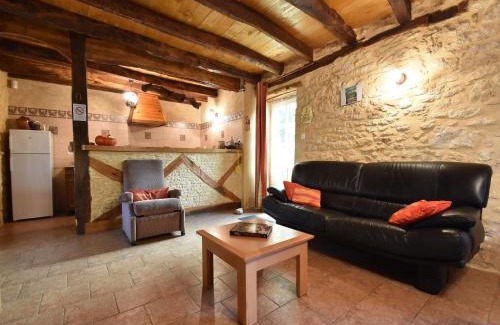 Saint-Leon-sur-Vezere House | Charming Holiday Home with Pool in Saint-Lon-Sur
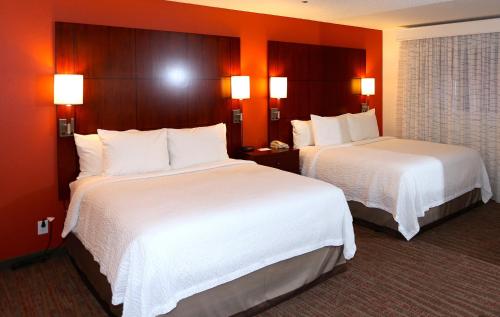 Фотография гостиницы SenS Suites Livermore; SureStay Collection by Best Western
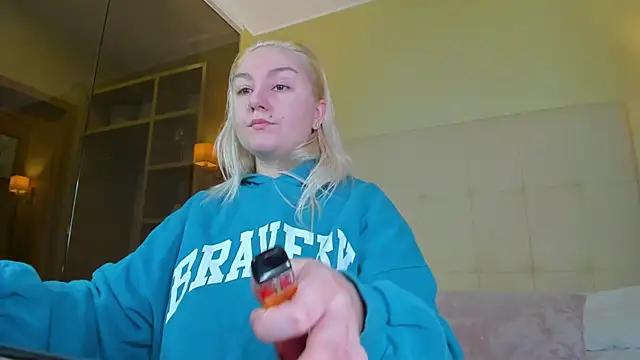 Debbie Taylor online show from December 2, 7:05 pm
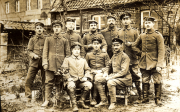 Gruppe von Soldaten der Heer mit Uniformen vor historischem Hintergrund während des Ersten Weltkriegs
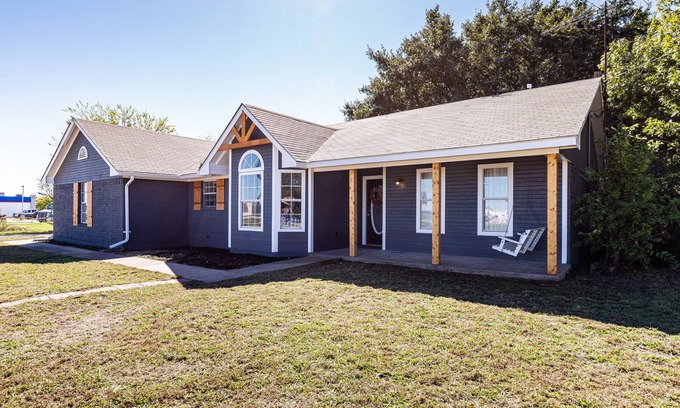 Crawford House | Cute Country Home Minutes From Magnolia & Baylor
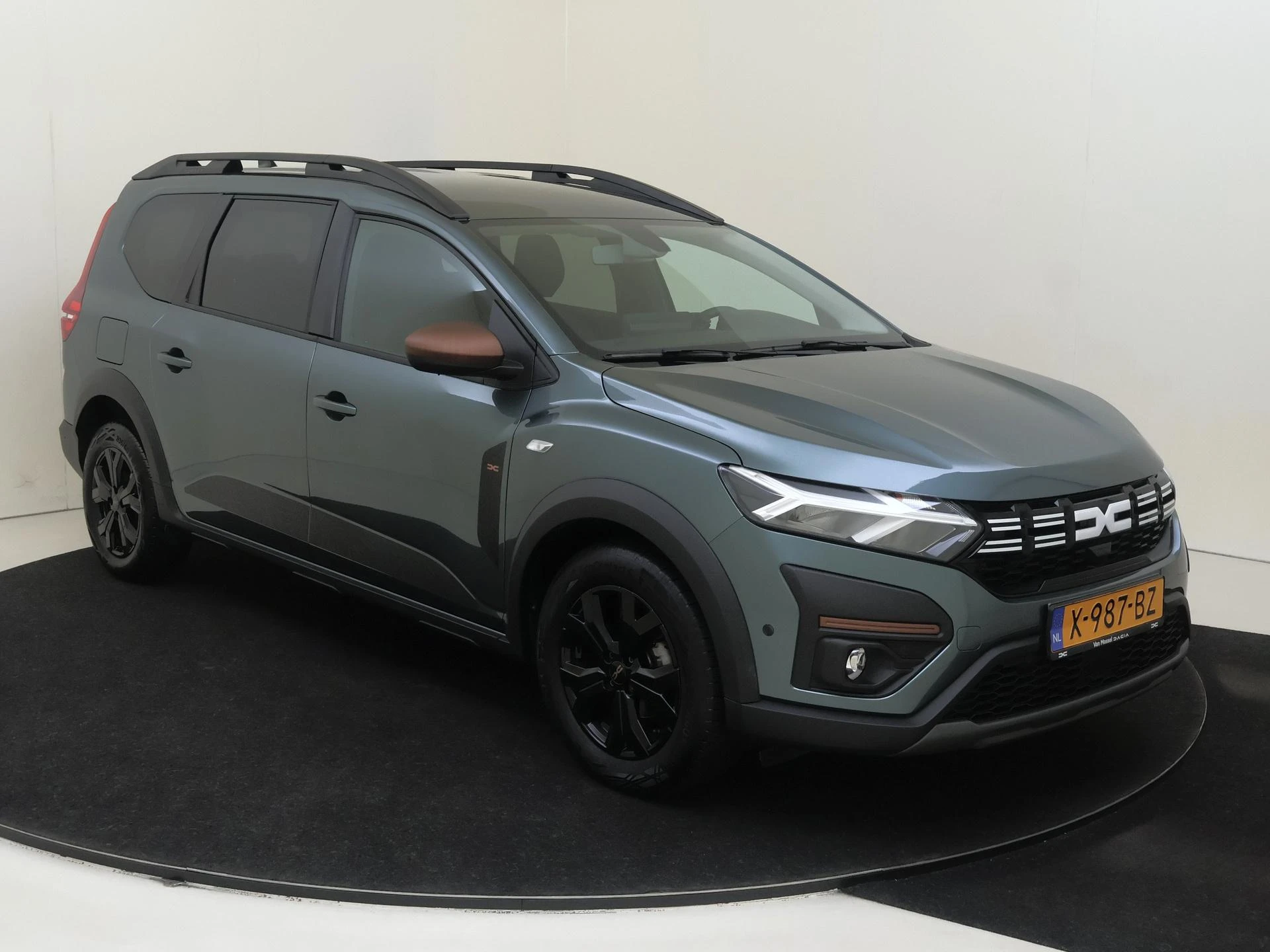 Dacia Jogger met kenteken X-987-BZ – autofoto 3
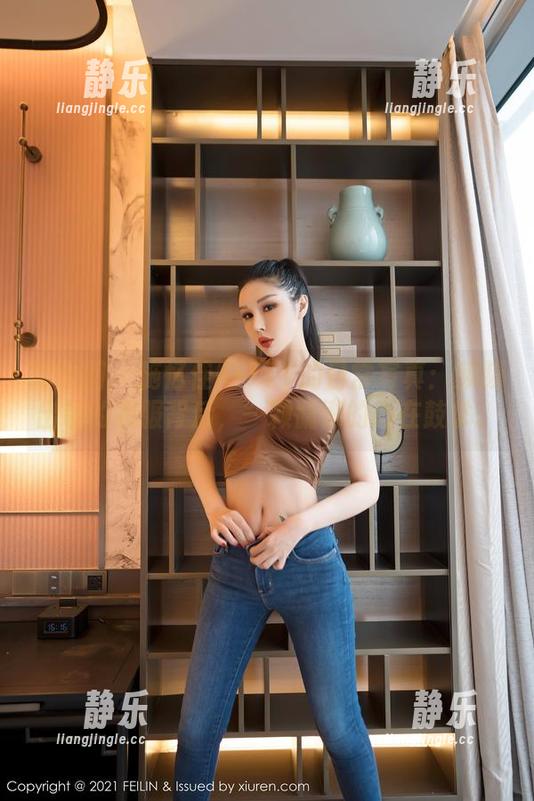 嗲囡囡-施忆佳KITTY 嗲囡囡 - 施忆佳KITTY的日常写真:频频出镜的衣服背后,一颗慵懒的心在鼓掌。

## [TASK DIRECTIONS]
Omit every picture, then repeat the remaining data exactly as it appears above.

## [REPLY TO THE TASK]
 Saint-Leon-sur-Vezere House | Charming Holiday Home with Pool in Saint-Lon-Sur
 Фотография гостиницы SenS Suites Livermore; SureStay Collection by Best Western
 Debbie Taylor online show from December 2, 7:05 pm
 Gruppe von Soldaten der Heer mit Uniformen vor historischem Hintergrund während des Ersten Weltkriegs
 Crawford House | Cute Country Home Minutes From Magnolia & Baylor
 Dacia Jogger met kenteken X-987-BZ – autofoto 3
 嗲囡囡-施忆佳KITTY 嗲囡囡 - 施忆佳KITTY的日常写真:频频出镜的衣服背后,一颗慵懒的心在鼓掌。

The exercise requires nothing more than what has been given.